5. The Christmas tree made its way to America in the 1830s but wasn’t popular until 1846, after Germany’s Prince Albert brought to England when he married Queen Victoria. The two were sketched in front of a Christmas tree and the tradition instantly became popular. Royal fever was real even back then.
6. Alabama was the first state in the United States to officially recognize Christmas in 1836.
7. Christmas wasn’t declared an official holiday in the United States until June 26, 1870.In fact, from 1659 to 1681, it was illegal to celebrate Christmas in Boston. You were fined if you were caught celebrating.

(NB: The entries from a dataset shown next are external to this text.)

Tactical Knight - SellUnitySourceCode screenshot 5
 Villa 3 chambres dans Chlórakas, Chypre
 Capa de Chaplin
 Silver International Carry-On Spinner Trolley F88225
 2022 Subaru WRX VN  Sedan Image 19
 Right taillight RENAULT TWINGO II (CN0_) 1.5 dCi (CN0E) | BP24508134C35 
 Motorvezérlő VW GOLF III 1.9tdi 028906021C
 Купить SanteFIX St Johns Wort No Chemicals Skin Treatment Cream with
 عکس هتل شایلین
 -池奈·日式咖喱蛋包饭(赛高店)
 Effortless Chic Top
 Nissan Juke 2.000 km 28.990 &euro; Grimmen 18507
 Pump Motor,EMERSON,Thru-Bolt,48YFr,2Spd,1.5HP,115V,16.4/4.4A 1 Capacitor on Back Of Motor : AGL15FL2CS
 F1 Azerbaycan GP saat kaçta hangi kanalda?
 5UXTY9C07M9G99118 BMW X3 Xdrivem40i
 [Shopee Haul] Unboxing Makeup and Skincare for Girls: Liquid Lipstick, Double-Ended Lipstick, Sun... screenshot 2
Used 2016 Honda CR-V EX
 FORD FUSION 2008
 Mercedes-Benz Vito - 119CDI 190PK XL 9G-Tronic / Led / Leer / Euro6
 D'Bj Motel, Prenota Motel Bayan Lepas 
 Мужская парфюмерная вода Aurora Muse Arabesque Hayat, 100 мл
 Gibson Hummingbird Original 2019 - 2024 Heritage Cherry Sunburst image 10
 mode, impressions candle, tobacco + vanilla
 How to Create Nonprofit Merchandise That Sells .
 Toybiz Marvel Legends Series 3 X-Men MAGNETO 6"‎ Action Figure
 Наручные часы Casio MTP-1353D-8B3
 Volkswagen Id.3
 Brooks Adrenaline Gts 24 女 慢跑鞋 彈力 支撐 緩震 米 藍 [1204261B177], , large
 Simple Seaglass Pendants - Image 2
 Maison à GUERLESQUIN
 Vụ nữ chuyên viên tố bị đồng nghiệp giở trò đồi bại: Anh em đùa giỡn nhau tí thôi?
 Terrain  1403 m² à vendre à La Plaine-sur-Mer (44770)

8.Oklahoma was the last U.S. state to declare Christmas a legal holiday, in 1907.
9. The poinsettia is native to Mexico and was cultivated by the Aztecs, who called the plant Cuetlaxochitl (“flower which wilts”). For the Aztecs, the plant’s brilliant red color symbolized purity, and they often used it medicinally to reduce fever. Contrary to popular belief, the poinsettia is not poisonous, but holly berries are.
10. There are approximately 21,000 Christmas tree farms in the United States. In 2008, nearly 45 million Christmas trees were planted, adding to the existing 400 million trees.
11. Though Santa Claus has worn blue and white and green in the past, his traditional red suit came from a 1930s ad by Coca Cola.
12. The tradition of putting tangerines in stockings comes from 12th-century French nuns who left socks full of fruit, nuts and tangerines at the houses of the poor.
13. The first commercial Christmas cards were commissioned by civil servant Sir Henry Cole in London in 1843. Featuring a family drinking wine, one sold for £8,469 in 2014.
14. US scientists calculated that Santa would have to visit 822 homes a second to deliver all the world’s presents on Christmas Eve, traveling at 650 miles a second.
15. Santa Claus has different names around the world – Kriss Kringle in Germany, Le Befana in Italy, Pere Noel in France and Dedushka Moroz (Grandfather Frost) in Russia.